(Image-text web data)
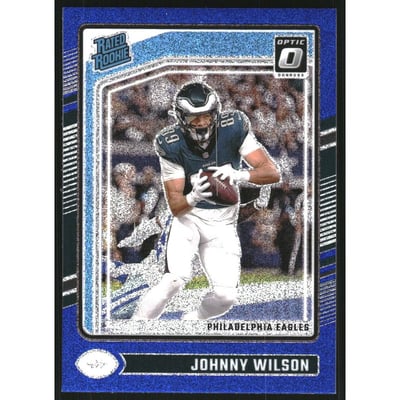 2024 Donruss Optic Blue Glitter #256 Johnny Wilson RR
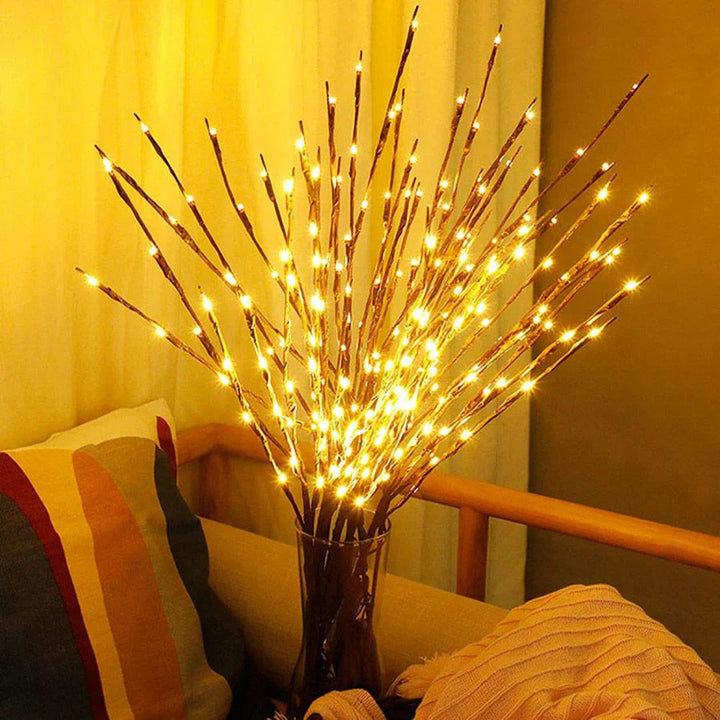 WillowLume - Elegant LED-grenlampe med yndefuld struktur og beroligende glød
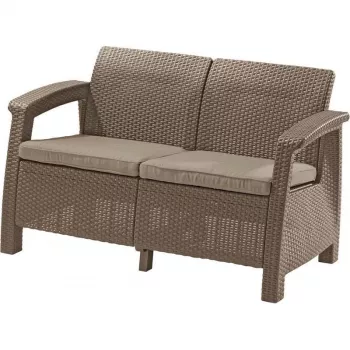 KETER Garten-Sofa Doppel Corfu Love Seat beige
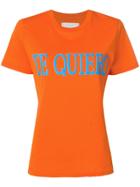 Alberta Ferretti Te Quiero T-shirt - Orange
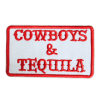 Cowboys & Tequila Patch (Small/Embroidery)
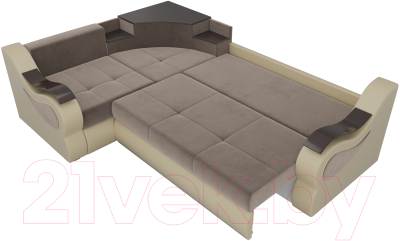 Диван угловой Лига Диванов Митчелл 268 левый / 107546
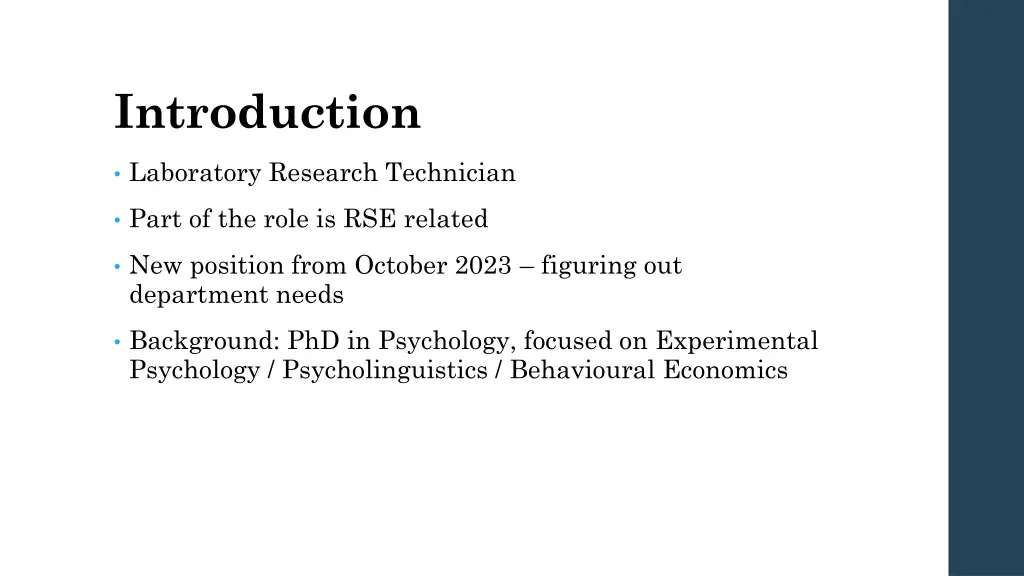 introduction
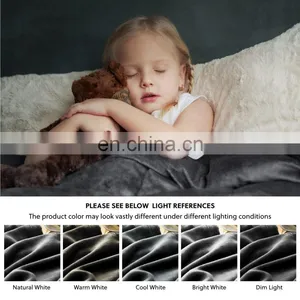 Durable Comfy King Size Winter Flannel Fleece Blanket For Office thumbnail-6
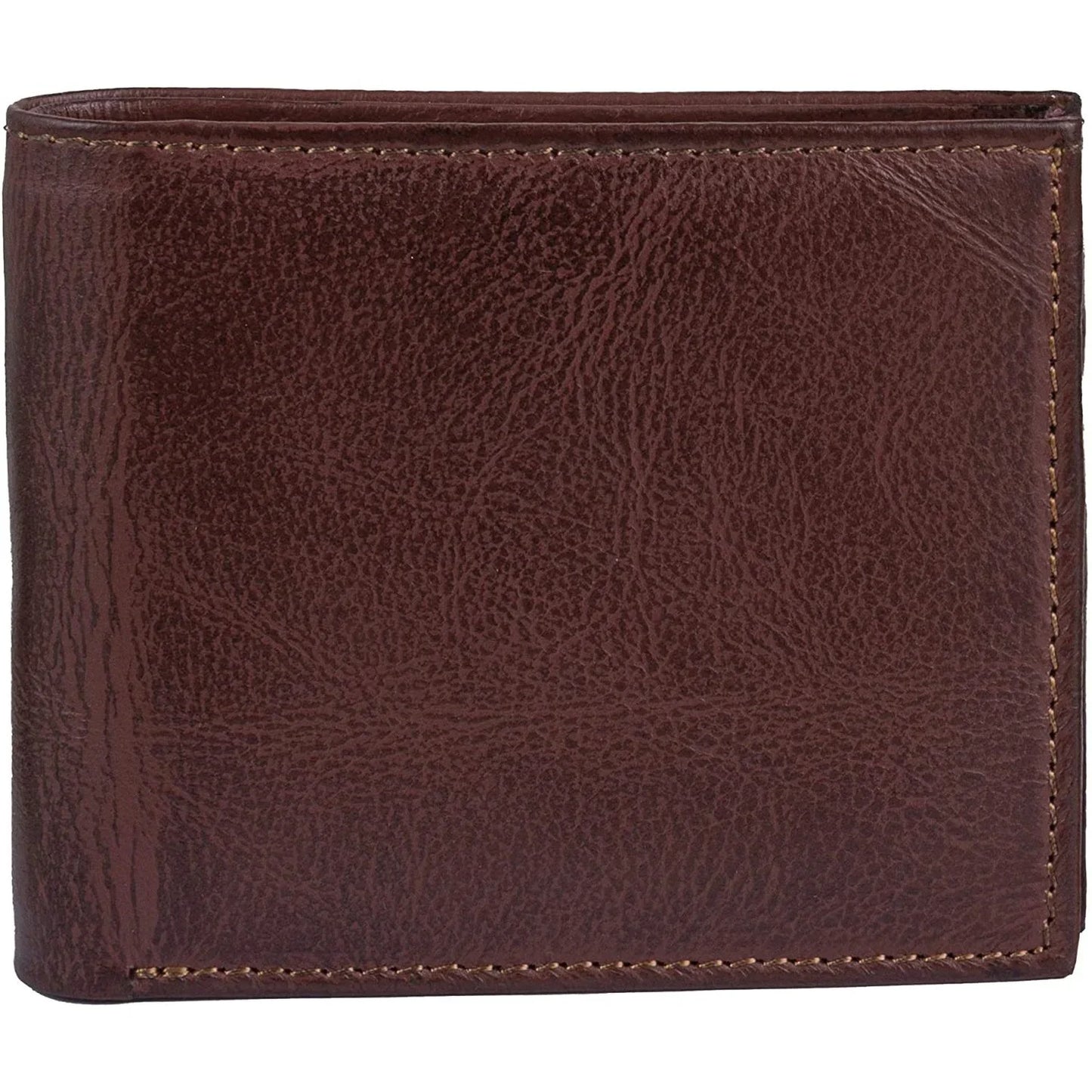 mens bifold wallets with card holders - rfid protected genuine leather with gift box -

# [ABOUT THIS TASK]
What is needed is an exact copy of only the lines from the line containing "Durable Comfy King" through the last line of the entries, inclusive, without the pictures.

# [ANSWER TO THE EXERCISE]
 Durable Comfy King Size Winter Flannel Fleece Blanket For Office thumbnail-6
 mens bifold wallets with card holders - rfid protected genuine leather with gift box -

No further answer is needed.